[INFORMATION SHOWN — start]

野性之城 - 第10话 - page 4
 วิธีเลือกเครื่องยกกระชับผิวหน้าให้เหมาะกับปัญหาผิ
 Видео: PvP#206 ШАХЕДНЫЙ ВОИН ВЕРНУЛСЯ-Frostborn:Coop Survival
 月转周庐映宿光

[INFORMATION SHOWN — finish]

- [WORK TO COMPLETE]:
Transcribe the listing from start to finish, exactly as given.

- [SOLUTION]:
野性之城 - 第10话 - page 4
 วิธีเลือกเครื่องยกกระชับผิวหน้าให้เหมาะกับปัญหาผิ
 Видео: PvP#206 ШАХЕДНЫЙ ВОИН ВЕРНУЛСЯ-Frostborn:Coop Survival
 月转周庐映宿光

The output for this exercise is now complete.